Webspiele ohne Flash: Eine Demonstration

«Flash ist so gut wie tot, es lebe… Eine Alternative!» So, oder zumindest so ähnlich, klingt es seit Jahren durch die Weiten des Internets. Flash sorgte bis anhin über weite Strecken für die Darstellung von multimedialen Inhalten im Netz. Es gibt aber Firmen die es tot sehen wollen. Dieser Beitrag behandelt eine alternative Art der Erstellung Flash-ähnlicher Webgames.

Was ist Flash?

«Adobe Flash» ist eine Plattform zur Erstellung multimedialer Inhalte im Web. Grafiken, Audio, Film und Nutzeraktionen können darin verarbeitet und im Web dargestellt werden. Klingt erst einmal super! Doch Flash birgt einige Probleme: Um die erstellten Inhalte im Browser darzustellen, muss dieser mit einem Flash-plugin ausgerüstet sein (Wem kommt die Meldung «Es ist eine neue Version von Macromedia Flash verfügbar» bekannt vor?). Dieses ist zum Teil sehr hardwarehungrig wenn es darum geht komplexere Inhalte, zum Beispiel die zum Deonym gewordenen «Flash-Games» darzustellen. Doch das ist nicht das einzige Problem.

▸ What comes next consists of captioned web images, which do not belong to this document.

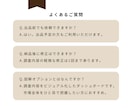 ハンドメイド作家向け｜市場調査レポート作成します 競合・トレンド・価格帯を丸ごとリサーチ！ イメージ9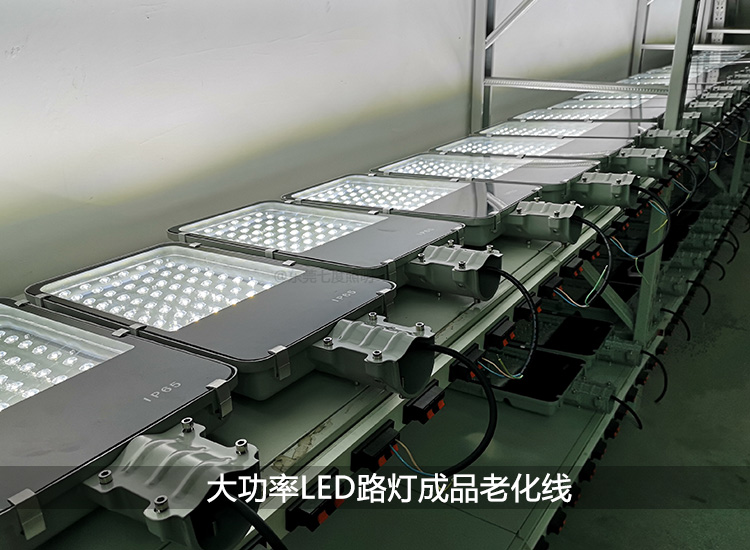 60W LED牙刷款小金豆LED路燈成品老化線實拍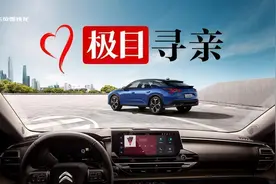 极目寻亲丨男子离家流浪26年终回家，母亲临终时还念叨他的名字图片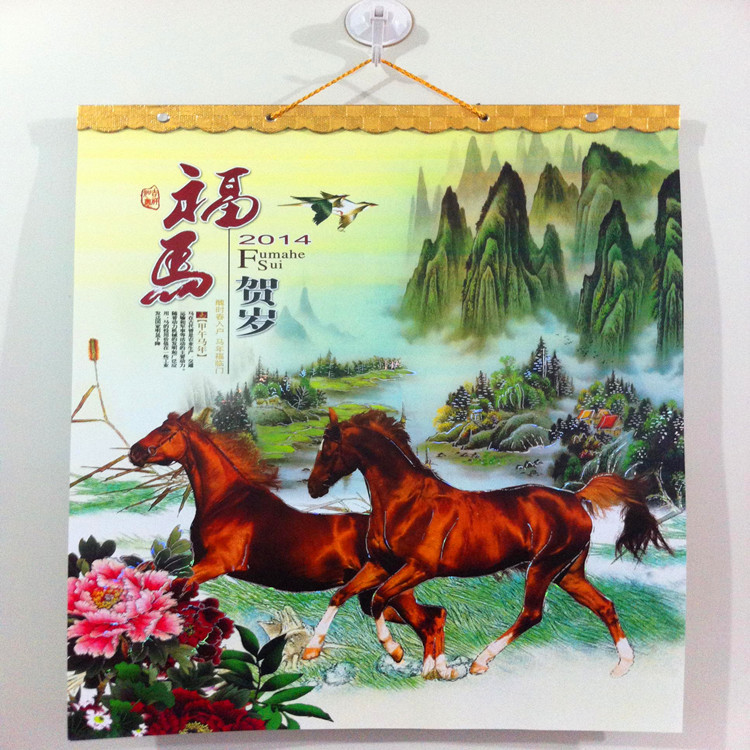福馬賀歲_副本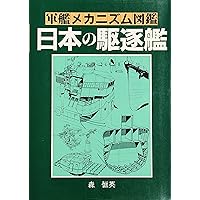 Amazon.co.jp: 軍艦メカ日本の駆逐艦 新装版 : 丸編集部: 本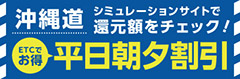 沖縄道 お得な平日朝夕割引シミュレーションはこちら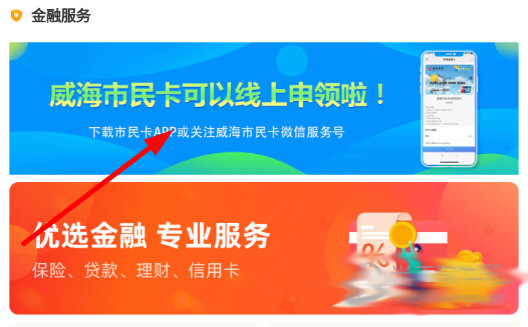 威海市民卡最新版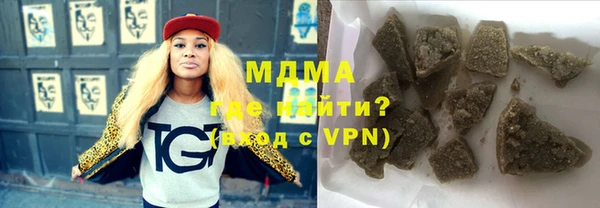 марихуана Богородск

Icon des Adobe Flash Player

Bis anhin Multimediamonopolist: Der Adobe Flash Player.

Wie der Name schon verrät, wurde Flash von einer einzigen Firma entwickelt und vertrieben, Adobe, vormals Macromedia. Dieses Monopol ist ein Dorn im Auge des sich rasant weiterentwickelnden Internets, vor allem aber in den Augen von Browserherstellern wie Apple und Google. Und die Marktbeherrschung hat noch weitere Nachteile: Wenn das Web nur Inhalte einer Art beherbergt, sind jedes neue Gerät und jeder neue Browser darauf angewiesen, von Adobe abgesegnet und unterstützt zu werden. Als könnten alle Textdateien nur von Microsoft Word oder mit einem Word-Plugin ausgerüsteten Programmen gelesen werden. Ausserdem greifen nicht mehr nur Desktopcomputer auf das Netz zu; Geräte verschiedenster Abmessungen und hardwarestärken drängen auf den Markt. Das Web braucht also neue, unabhängige Wege, und da seine Komponenten immer leistungsstärker werden, gibt es die auch.

Weg vom Fürsten

Zur Darstellung von Videos im Netz wurden unabhängige Lösungen erarbeitet. Ende 2012 definierte die W3C das HTML5 «Video»-Tag als modernen Standart. Dieses speist Filme unterschiedlichster Codecs an Browser. Browserschöpfer sind somit frei, pluginlos die gewünschte Videoart darzustellen.

Logo der W3C

Seit 1994 entwirft die W3C unabhängig die Standards des Internets der Zukunft.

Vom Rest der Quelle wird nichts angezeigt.